The aim of this workshop is to formalize such a synergy between logical reasoning and machine learning that will be grounded on spatial and temporal knowledge. We argue that the calculi associated with the spatial and temporal reasoning community, be it qualitative or quantitative, naturally build upon physics and human cognition, and could therefore form a module that would be beneficial towards causal representation learning. As an example, in the on-going IJCAI Angry Birds competitions (http://aibirds.org/angry-birds-ai-competition.html), machine learning models generally struggle to achieve good performance, because there is no sufficient encoding of spatial and temporal structure and relations; shooting a bird with a given trajectory can clearly have some very well determined effect (based on the laws of physics), which could in turn cause a chain of effects to occur, but machine learning models are not able to capture this behavior, for the reasons mentioned earlier. A (symbolic) spatio-temporal knowledge base could provide a dependable causal seed upon which machine learning models could generalize, and exploring this direction from various perspectives is the main theme of this workshop.
Topics
In this workshop, we invite the research community in artificial intelligence to submit works related to the proposed integration of spatial and temporal reasoning with machine learning, revolving around the following topic areas:
§ Real-world problems / applications of spatio-temporal reasoning and learning
§ Challenges in spatio-temporal reasoning and learning
§ Neuro-symbolic approaches for spatio-temporal reasoning and learning
§ Probabilistic world models for spatio-temporal reasoning and learning
§ Probabilistic inference for spatio-temporal reasoning and learning
§ Datasets for spatio-temporal reasoning and learning
§ Metrics for assessing spatio-temporal reasoning and learning methods
§ Limitations in machine learning for spatio-temporal reasoning and learning; how far can machine learning go?
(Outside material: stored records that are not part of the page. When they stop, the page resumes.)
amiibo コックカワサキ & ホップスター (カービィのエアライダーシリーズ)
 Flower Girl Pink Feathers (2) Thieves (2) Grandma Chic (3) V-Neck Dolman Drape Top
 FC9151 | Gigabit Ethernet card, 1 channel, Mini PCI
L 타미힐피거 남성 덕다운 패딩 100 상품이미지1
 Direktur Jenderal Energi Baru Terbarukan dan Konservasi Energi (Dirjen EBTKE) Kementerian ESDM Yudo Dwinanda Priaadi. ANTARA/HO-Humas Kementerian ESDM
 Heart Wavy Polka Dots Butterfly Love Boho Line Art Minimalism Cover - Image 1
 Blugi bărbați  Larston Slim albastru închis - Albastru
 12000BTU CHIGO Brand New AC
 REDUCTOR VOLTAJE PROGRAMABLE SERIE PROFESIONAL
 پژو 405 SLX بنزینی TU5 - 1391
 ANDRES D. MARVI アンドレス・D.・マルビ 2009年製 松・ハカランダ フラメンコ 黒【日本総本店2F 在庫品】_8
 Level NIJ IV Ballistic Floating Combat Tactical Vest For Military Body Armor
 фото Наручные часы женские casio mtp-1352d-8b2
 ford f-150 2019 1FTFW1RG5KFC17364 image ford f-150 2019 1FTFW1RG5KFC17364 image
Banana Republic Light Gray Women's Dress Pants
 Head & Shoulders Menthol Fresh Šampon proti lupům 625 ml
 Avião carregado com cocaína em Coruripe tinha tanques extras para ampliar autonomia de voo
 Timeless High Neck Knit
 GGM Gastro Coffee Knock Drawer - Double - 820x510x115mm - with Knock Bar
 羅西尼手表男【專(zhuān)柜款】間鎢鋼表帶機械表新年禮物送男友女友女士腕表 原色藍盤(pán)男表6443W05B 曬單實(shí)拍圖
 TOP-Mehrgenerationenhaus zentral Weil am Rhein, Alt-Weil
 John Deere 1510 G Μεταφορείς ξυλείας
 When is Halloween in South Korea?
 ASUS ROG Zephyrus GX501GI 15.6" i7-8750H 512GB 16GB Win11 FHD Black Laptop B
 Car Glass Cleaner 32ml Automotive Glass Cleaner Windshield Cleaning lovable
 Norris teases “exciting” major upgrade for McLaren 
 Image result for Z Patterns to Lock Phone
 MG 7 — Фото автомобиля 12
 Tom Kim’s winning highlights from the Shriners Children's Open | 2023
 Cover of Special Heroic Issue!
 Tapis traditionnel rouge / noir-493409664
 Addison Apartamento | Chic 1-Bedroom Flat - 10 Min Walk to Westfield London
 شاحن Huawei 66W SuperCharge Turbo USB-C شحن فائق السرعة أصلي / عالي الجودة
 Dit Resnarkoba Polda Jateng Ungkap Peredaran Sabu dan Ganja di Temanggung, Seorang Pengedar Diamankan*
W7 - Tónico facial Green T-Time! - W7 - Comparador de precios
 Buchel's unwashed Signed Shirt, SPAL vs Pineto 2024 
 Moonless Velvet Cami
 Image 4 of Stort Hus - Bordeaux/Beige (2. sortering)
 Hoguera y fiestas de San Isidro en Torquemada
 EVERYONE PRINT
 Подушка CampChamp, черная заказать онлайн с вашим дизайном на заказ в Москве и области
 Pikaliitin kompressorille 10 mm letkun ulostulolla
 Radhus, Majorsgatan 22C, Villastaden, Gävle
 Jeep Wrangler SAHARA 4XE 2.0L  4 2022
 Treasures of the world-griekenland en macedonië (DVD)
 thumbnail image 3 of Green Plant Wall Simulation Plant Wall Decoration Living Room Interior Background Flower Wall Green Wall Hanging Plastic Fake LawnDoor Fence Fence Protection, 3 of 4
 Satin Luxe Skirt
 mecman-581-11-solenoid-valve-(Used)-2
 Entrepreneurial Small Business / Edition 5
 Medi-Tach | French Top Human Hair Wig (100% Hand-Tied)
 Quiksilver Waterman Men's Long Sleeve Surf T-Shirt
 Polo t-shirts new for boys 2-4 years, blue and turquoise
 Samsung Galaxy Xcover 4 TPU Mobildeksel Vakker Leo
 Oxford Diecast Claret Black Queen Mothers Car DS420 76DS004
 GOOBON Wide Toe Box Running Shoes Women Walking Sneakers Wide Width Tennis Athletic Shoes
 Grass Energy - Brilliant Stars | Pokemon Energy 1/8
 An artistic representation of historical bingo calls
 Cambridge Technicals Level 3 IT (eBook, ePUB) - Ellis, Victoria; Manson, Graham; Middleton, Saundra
§ Relation between causal reasoning and spatial and temporal reasoning
The list above is by no means exhaustive, as the aim is to foster the debate around all aspects of the suggested integration.
Submission
Guidelines
Papers should be formatted according to the IJCAI-ECAI 2022 formatting guidelines for the Conference Track. We welcome submissions across the full spectrum of theoretical and practical work including research ideas, methods, tools, simulations, applications or demos, practical evaluations, and surveys. Submissions that are 2 pages long (excluding references) will be considered for a poster, and submissions that are at least 4 pages and up to 6 pages long (excluding references) will be considered for an oral presentation. All papers will be peer-reviewed in a single-blind process and assessed based on their novelty, technical quality, potential impact, clarity, and reproducibility (when applicable). Workshop submissions and camera-ready versions will be handled by EasyChair; the submission link is as follows: https://easychair.org/conferences/?conf=strl2022
Important Dates (Tentative)
May 13, 2022: Workshop Paper Due Date
June 3, 2022: Notification of Paper Acceptance
June 17, 2022: Camera-ready papers due
Note: all deadlines are Central European Time (CET), UTC +1, Paris, Brussels, Vienna.
Organizing Committee
Dr. Michael Sioutis, University of Bamberg, Germany
Dr. Zhiguo Long, Southwest Jiaotong University, Chengdu, China
Dr. John Stell, Leeds University, UK
Prof. Jochen Renz, Australian National University, Australia
Program Committee (Tentative)
- Bettina Finzel, University of Bamberg, Germany
- Bo Peng, Southwest Jiaotong University, Chengdu, China
- Esra Erdem, Sabancı University, Istanbul, Turkey
- Jie Hu, Southwest Jiaotong University, Chengdu, China
- Marjan Alirezaie, Örebro University, Sweden
- Ute Schmidt, University of Bamberg, Germany
- Devendra Singh Dhami, Technical University of Darmstadt, Germany
- Diedrich Wolter, University of Bamberg, Germany
- Fredrik Heintz, Linköping University, Sweden
- Hans Guesgen, Massey University, New Zealand
- Jae Hee Lee, University of Hamburg, Germany
- Jochen Renz, Australian National University, Canberra, Australia (co-chair)
- John Stell, University of Leeds, United Kingdom (co-chair)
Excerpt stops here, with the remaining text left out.